Junge Kunden sind eine Zukunftsfrage für jede Bank
„Das Trügerische ist, dass sich diese Entwicklung nicht sofort in wegbrechenden Erträgen widerspiegelt“, so Herfurth. Wenn ein 20-jähriger Kunde die Bank verlasse, seien die unmittelbaren Auswirkungen häufig überschaubar. Über die gesamte Kundenbeziehung hinweg liege das durchschnittliche Ertragspotenzial eines jungen Kunden jedoch bei rund 15.000 Euro. „Wer sich heute nicht um junge Kunden bemüht, zahlt die Rechnung oft erst einige Jahre später.“
Die wirtschaftliche Bedeutung der Zielgruppe wird deshalb in vielen Häusern unterschätzt. Ohne Gegenmaßnahmen sind mittelfristig erhebliche Teile des zukünftigen Ertragspotenzials gefährdet. Besonders relevant ist dies vor dem Hintergrund, dass die finanziell interessantesten Lebensphasen vieler Kunden häufig erst nach Ausbildung, Studium oder Berufseinstieg beginnen.
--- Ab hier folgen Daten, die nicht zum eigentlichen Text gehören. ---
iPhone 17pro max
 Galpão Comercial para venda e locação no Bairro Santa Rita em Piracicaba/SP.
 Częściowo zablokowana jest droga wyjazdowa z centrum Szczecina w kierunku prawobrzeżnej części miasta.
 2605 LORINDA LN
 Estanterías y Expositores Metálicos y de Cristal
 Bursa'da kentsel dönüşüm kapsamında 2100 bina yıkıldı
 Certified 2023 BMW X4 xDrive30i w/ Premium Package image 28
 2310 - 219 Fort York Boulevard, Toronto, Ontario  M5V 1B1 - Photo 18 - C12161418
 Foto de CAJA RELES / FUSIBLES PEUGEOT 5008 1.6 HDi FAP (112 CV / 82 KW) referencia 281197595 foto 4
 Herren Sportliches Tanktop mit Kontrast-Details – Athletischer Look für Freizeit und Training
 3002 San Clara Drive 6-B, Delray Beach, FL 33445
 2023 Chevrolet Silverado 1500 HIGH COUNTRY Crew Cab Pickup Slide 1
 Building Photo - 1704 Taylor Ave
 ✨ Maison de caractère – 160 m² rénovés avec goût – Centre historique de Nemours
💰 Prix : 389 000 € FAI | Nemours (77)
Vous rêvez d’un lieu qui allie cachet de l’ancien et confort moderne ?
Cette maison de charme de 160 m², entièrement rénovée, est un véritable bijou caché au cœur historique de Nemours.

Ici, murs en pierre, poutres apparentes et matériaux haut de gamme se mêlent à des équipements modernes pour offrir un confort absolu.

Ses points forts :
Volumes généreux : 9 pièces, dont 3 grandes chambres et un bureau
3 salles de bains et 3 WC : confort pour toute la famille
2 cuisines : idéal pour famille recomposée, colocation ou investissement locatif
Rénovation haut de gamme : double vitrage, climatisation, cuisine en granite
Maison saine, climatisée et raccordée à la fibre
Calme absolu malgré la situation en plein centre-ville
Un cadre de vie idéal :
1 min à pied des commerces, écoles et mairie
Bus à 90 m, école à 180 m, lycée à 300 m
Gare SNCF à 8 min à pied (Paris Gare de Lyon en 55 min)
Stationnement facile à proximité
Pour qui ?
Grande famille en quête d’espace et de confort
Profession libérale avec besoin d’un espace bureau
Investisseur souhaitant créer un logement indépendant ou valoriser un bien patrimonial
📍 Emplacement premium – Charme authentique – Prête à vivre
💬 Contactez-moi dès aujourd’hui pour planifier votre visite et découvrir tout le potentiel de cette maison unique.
Hinzu kommt, dass bei vielen Genossenschaftsbanken die Altersstruktur der Kunden gegenüber der Altersstruktur der Gesamtbevölkerung bereits heute deutlich höher ausfällt. Die Gewinnung und Bindung junger Kunden ist deshalb nicht nur eine Wachstumsfrage, sondern zunehmend auch eine Frage der langfristigen Stabilität des Kundenbestands.
Gleichzeitig wäre es falsch, daraus zu schließen, dass Genossenschaftsbanken bei jungen Kunden keine Chance hätten. Im Gegenteil: Viele junge Menschen wünschen sich Orientierung in Finanzfragen, persönliche Ansprechpartner:innen und vertrauenswürdige Begleitung in wichtigen Lebensphasen. Genau hier bringen Volksbanken und Raiffeisenbanken traditionell große Stärken mit. Die Herausforderung besteht weniger darin, neue Stärken aufzubauen, sondern vielmehr darin, vorhandene Stärken für junge Menschen sichtbar, relevant und erlebbar zu machen. Neben den Kundenbeziehungen von morgen profitiert davon häufig auch die Attraktivität als Arbeitgeber für Nachwuchskräfte.
Erfolgreiche Banken handeln strategisch, statt Aktionismus zu betreiben
„Erfolgreiche Banken beginnen nicht mit einzelnen Maßnahmen, sondern mit einem klaren Verständnis der Zielgruppe und einer ehrlichen Standortbestimmung“, sagt Herfurth. Dazu gehören die Fragen, welche Bedürfnisse junge Menschen haben, wie die eigene Bank heute wahrgenommen wird und welche Angebote bereits existieren. Erst auf dieser Grundlage lassen sich die Handlungsfelder identifizieren, die den größten Beitrag zur Gewinnung und Bindung junger Kunden leisten.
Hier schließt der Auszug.